Des raisons d’y croire

Marcel GRIGNARD

Président de Confrontations Europe

L’année 2018 devra être entièrement dédiée à l’indispensable refondation de l’Union européenne. C’est possible : après les élections en Italie, la mise en place d’un gouvernement en Allemagne, les pays de l’Union disposeront de quelques mois pour parvenir à trouver un accord sur les quelques perspectives communes proposées en particulier par la Commission européenne et le président de la République française. Les principaux sujets à l’agenda sont connus, nous les abordons dans la revue. Cependant, faire de 2018 une année de rebond proposant de mettre l’Union européenne sur une nouvelle trajectoire en amont des débats des élections européennes de 2019 n’est pas acquis.

La meilleure conjoncture économique n’efface pas les problèmes structurels liés aux crises profondes qui traversent l’Union. En témoignent les élections en Autriche et la composition d’un gouvernement avec une composante clairement hostile aux valeurs européennes. Le scrutin de fin décembre en Catalogne a confirmé la fracture au sein du territoire sans régler le conflit avec Madrid. Aux tensions que connaissent les États membres sur leur propre sol national se superposent les divisions entre eux au sein de l’Union.

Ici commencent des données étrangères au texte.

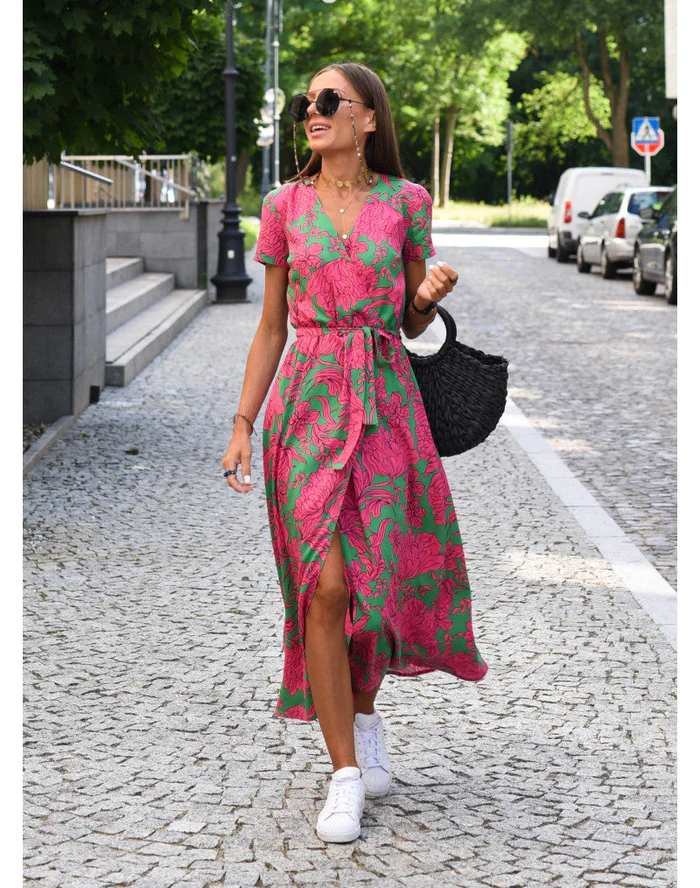 Sophisticated Dress with a Clean Classic Look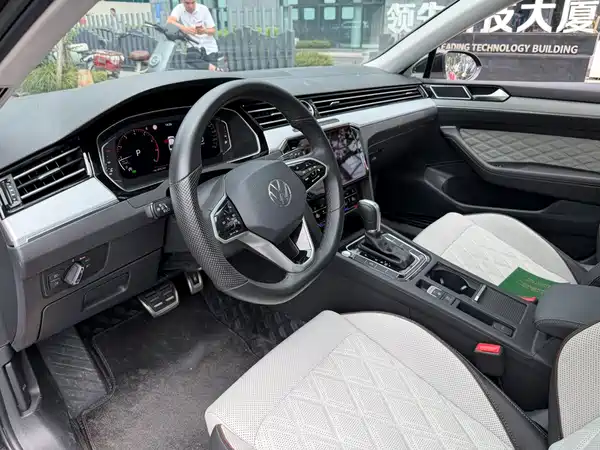 Volkswagen Magotan 2025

Le propos de Tomasz Grzegorz Grosse qui dans cette revue exprime un point de vue polonais est éclairant. Pour lui, l’attitude des dirigeants européens vis-à-vis de son pays aurait pour objectif de pousser la Pologne vers la sortie de l’UE. Nous ne partageons pas son point de vue. Mais il est révélateur du niveau très préoccupant des incompréhensions au sein de l’Europe. Nous avons quelques désaccords quant à la manière dont les dirigeants européens prétendent gérer la relation avec ce pays mais, à l’instar de nombreux Polonais, nous jugeons les positions du gouvernement polonais dangereuses pour le pays et pour l’Europe. Il va bien falloir trouver un compromis conforme aux valeurs de l’Union et n’ignorant ni les intérêts particuliers de la Pologne, ni ceux de l’ensemble des Européens. Faute de quoi l’éclatement que nous craignons finira par se produire et, par ailleurs, l’ampleur des problèmes à traiter ne laisse pas d’espace à l’attentisme.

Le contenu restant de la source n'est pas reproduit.